Taxpayers: liquidation proceeds from winding down the Federal Reserve would be transferred to the Treasury General Fund, increasing federal receipts available for public use.
Federal Reserve Board and Reserve Bank employees: accrued compensation and benefits would be paid during the wind‑down, protecting near‑term pay and retirement accruals for those workers.
Congress and the public: Congress would receive an 18‑month implementation report on remaining issues, improving transparency about the wind‑down process.
Middle‑class families, small businesses, taxpayers, and financial institutions: abolishing the Federal Reserve would remove central‑bank functions (monetary policy, oversight, and lender‑of‑last‑resort), risking higher inflation, interest‑rate volatility, weakened supervision, and greater likelihood of bank runs or credit freezes.
Financial institutions and taxpayers: mandating liquidation 'as expeditious as practicable' could force asset sales at unfavorable prices, lowering recoveries and potentially disrupting financial markets.
Taxpayers: transferring Federal Reserve liabilities (including retiree benefits and other obligations) to the Treasury could raise federal liabilities and put pressure on public budgets or taxpayers.
Based on analysis of 2 sections of legislative text.
Introduced March 5, 2025 by Mike Lee · Last progress March 5, 2025
Abolishes the Board of Governors of the Federal Reserve System and every Federal Reserve Bank, with those institutions ending at the close of one year after enactment.

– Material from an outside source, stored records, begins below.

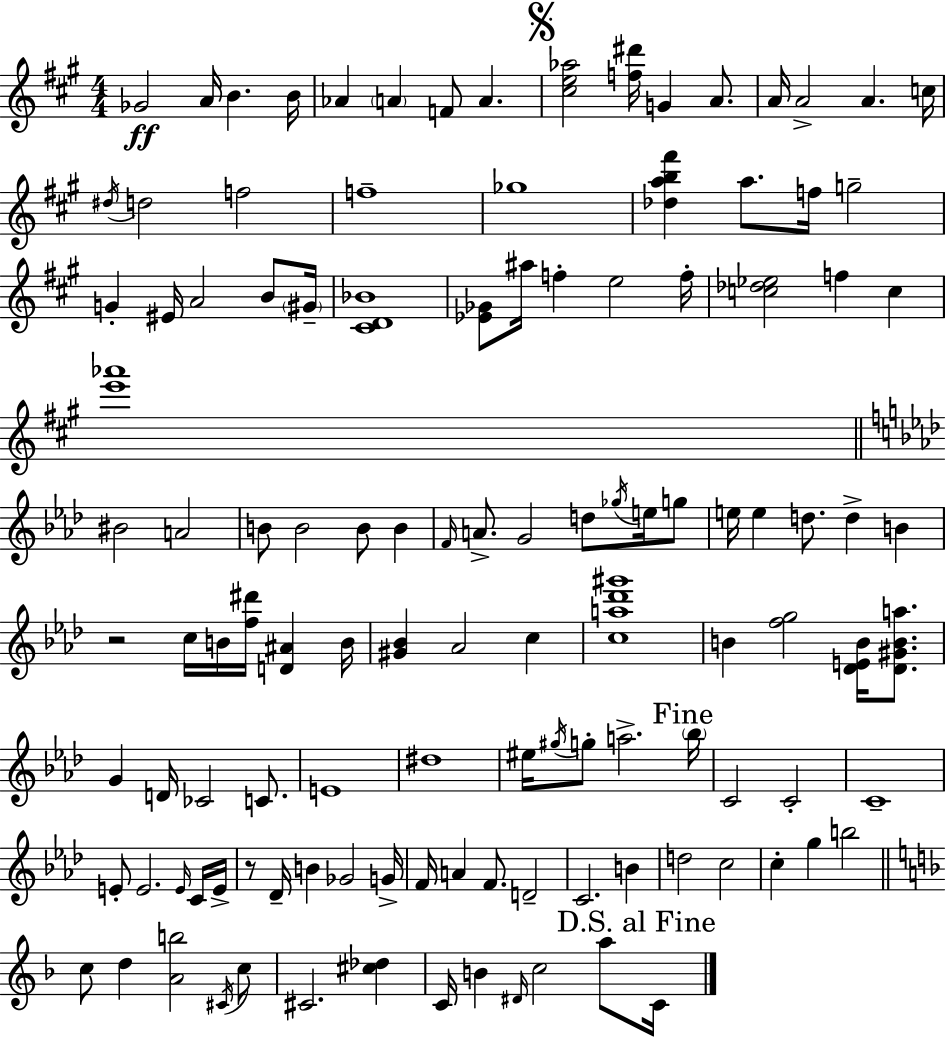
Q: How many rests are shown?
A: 2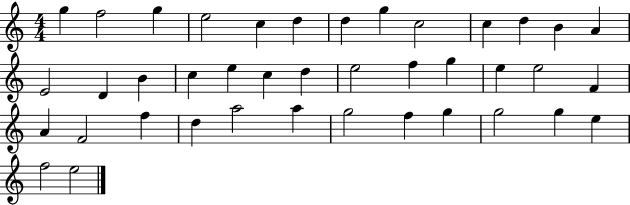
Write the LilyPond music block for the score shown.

{
  \clef treble
  \numericTimeSignature
  \time 4/4
  \key c \major
  g''4 f''2 g''4 | e''2 c''4 d''4 | d''4 g''4 c''2 | c''4 d''4 b'4 a'4 | \break e'2 d'4 b'4 | c''4 e''4 c''4 d''4 | e''2 f''4 g''4 | e''4 e''2 f'4 | \break a'4 f'2 f''4 | d''4 a''2 a''4 | g''2 f''4 g''4 | g''2 g''4 e''4 | \break f''2 e''2 | \bar "|."
}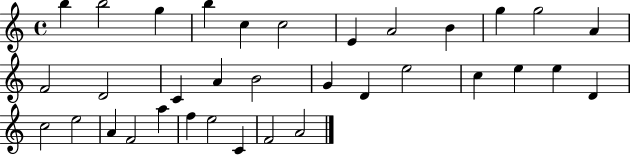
{
  \clef treble
  \time 4/4
  \defaultTimeSignature
  \key c \major
  b''4 b''2 g''4 | b''4 c''4 c''2 | e'4 a'2 b'4 | g''4 g''2 a'4 | \break f'2 d'2 | c'4 a'4 b'2 | g'4 d'4 e''2 | c''4 e''4 e''4 d'4 | \break c''2 e''2 | a'4 f'2 a''4 | f''4 e''2 c'4 | f'2 a'2 | \break \bar "|."
}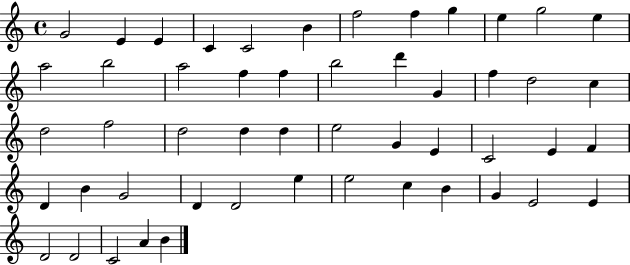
X:1
T:Untitled
M:4/4
L:1/4
K:C
G2 E E C C2 B f2 f g e g2 e a2 b2 a2 f f b2 d' G f d2 c d2 f2 d2 d d e2 G E C2 E F D B G2 D D2 e e2 c B G E2 E D2 D2 C2 A B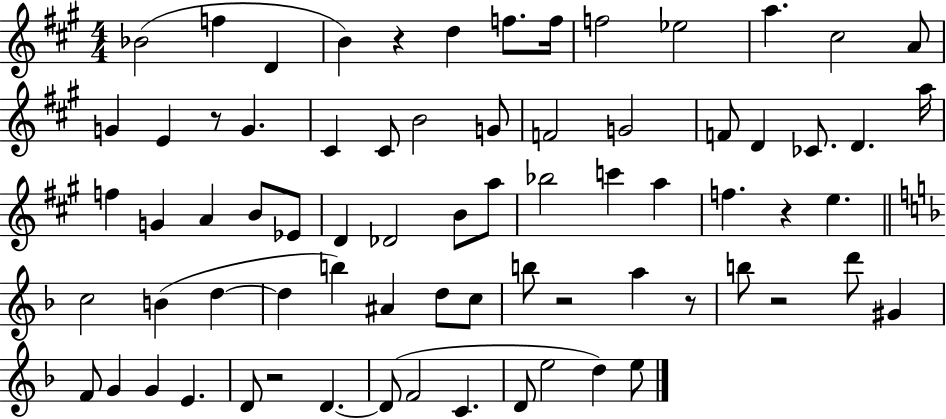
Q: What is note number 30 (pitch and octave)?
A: B4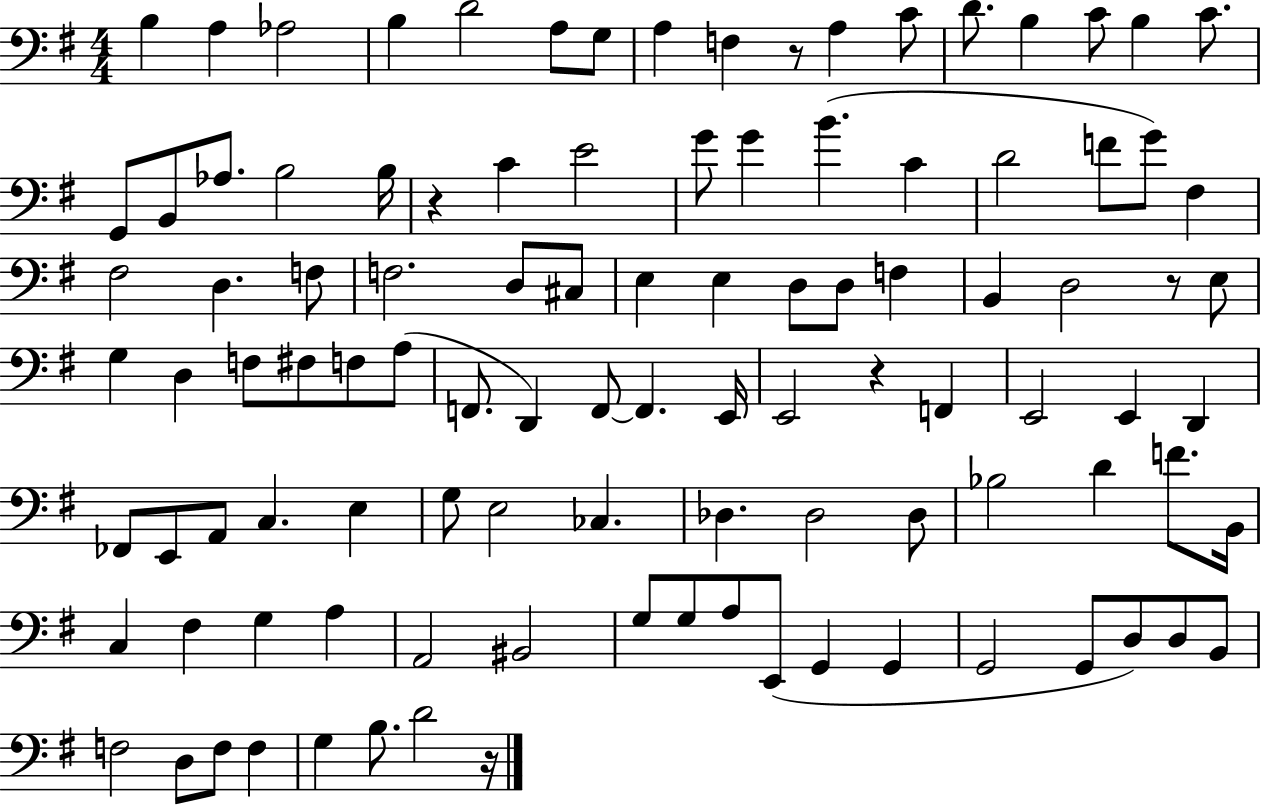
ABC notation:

X:1
T:Untitled
M:4/4
L:1/4
K:G
B, A, _A,2 B, D2 A,/2 G,/2 A, F, z/2 A, C/2 D/2 B, C/2 B, C/2 G,,/2 B,,/2 _A,/2 B,2 B,/4 z C E2 G/2 G B C D2 F/2 G/2 ^F, ^F,2 D, F,/2 F,2 D,/2 ^C,/2 E, E, D,/2 D,/2 F, B,, D,2 z/2 E,/2 G, D, F,/2 ^F,/2 F,/2 A,/2 F,,/2 D,, F,,/2 F,, E,,/4 E,,2 z F,, E,,2 E,, D,, _F,,/2 E,,/2 A,,/2 C, E, G,/2 E,2 _C, _D, _D,2 _D,/2 _B,2 D F/2 B,,/4 C, ^F, G, A, A,,2 ^B,,2 G,/2 G,/2 A,/2 E,,/2 G,, G,, G,,2 G,,/2 D,/2 D,/2 B,,/2 F,2 D,/2 F,/2 F, G, B,/2 D2 z/4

During that one-year wind‑down the Chair of the Board manages staffing, pay, benefits, and assets/liabilities to wrap up affairs, and the Office of Management and Budget must liquidate all Board and Reserve Bank assets to maximize returns to the Treasury. All accepted claims and redemption of Federal Reserve bank stock are paid from liquidation proceeds; remaining net proceeds are transferred to the Treasury’s General Fund. Any outstanding liabilities at abolishment — including retirement and employee benefits — become liabilities of the Secretary of the Treasury and are to be paid from amounts deposited in the General Fund (those deposited amounts are appropriated for that purpose). A joint report to Congress on implementation and unresolved matters is due 18 months after enactment.